How The 'GoT' Team Kept Jon's Secret On Set

Hey, did you hear the big news? Game of Thrones' Jon Snow is alive! Unless someone broke into your house last night and stole your computer and your TV and your tablet and your phone and all of your friends who are obsessed with GoT, chances are pretty good that you're aware a certain someone was resurrected on this Sunday's episode of the HBO fantasy series. At long last, our national nightmare is over — and the world's worst-kept secret is finally out in the open. Yes, even though HBO went to great lengths to keep Jon Snow's fate a secret, we all knew he was coming back sooner or later. But that didn't stop them from trying… including giving Kit Harington a code name on set, as revealed by Entertainment Weekly.

It's not like Game Of Thrones is the first TV show or movie to try to keep a lid on things, either through filming alternate endings (like they did to preserve the "Who's in the coffin?" reveal during Season 4 of Lost) or through straight-up lying to your audience (like they did to preserve the "Benedict Cumberbatch is Khan" twist for Star Trek Into Darkness). But it seems like the philosophy on the set of Game Of Thrones Season 6 went something like: "The best way to convince everyone that Jon Snow is dead is to convince ourselves that Jon Snow is dead!"

And so that's what they did, never referring to either the character or the actor by name. Not once. While filming the entire season. Not on paper, not out loud, never.
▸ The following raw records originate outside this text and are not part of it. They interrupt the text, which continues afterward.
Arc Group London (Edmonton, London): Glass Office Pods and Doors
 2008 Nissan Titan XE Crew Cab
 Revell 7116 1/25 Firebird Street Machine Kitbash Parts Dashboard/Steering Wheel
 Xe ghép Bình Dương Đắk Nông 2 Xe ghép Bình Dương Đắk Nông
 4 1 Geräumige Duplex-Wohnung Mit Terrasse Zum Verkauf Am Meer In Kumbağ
According to EW, "Even though star Kit Harington spent more days working on Thrones last year than any other actor, the name 'Jon Snow' didn’t appear anywhere in the scripts. Snow wasn’t mentioned in the scene breakdowns, call sheets, prop or wardrobe materials either."

So how did they go about addressing the elephant in the room? Did they just call Harington "You-Know-Who"? Did they refer to Jon Snow as "He Who Must Not Be Named"? Not quite. Apparently they gave him an easy-to-remember and innocuous nickname: "LC," which stands for Lord Commander (of the Night's Watch).

"No one was allowed to say ‘Jon Snow’ on set, ever," Harington told EW. "Everyone had to refer to me as ‘LC.'" The publication points out that,"the only exception was when the name was said during on-camera dialogue." The nickname became so ingrained among the cast and crew that, "even the producers used 'LC' among themselves to code their conversation in case outsiders were nearby."

Maybe the team should have been a little more worried about people seeing things they shouldn't than hearing things they shouldn't, since Jon Snow's resurrection was spoiled by set photos of Harington filming in Belfast, not by an anecdote of someone who happened to walk by one of the producers on the street just as they uttered the tell-tale phrase "Jon Snow."

To be honest, this level of on-set secrecy seems a tad bit extreme, given that virtually no one in the world ever thought that Jon Snow was going to stay dead for good anyway, even before the set photos made their way onto the internet. But it's all in good fun and — predictable or not — the sight of the Lord Commander gasping back to life on that table at the end of last Sunday's episode was one of the most exhilarating moments from a show that so often delights in torturing its audience (and its characters). Whatever tactics it took to get us to this point, I'm just happy that Jon Snow is back among the living.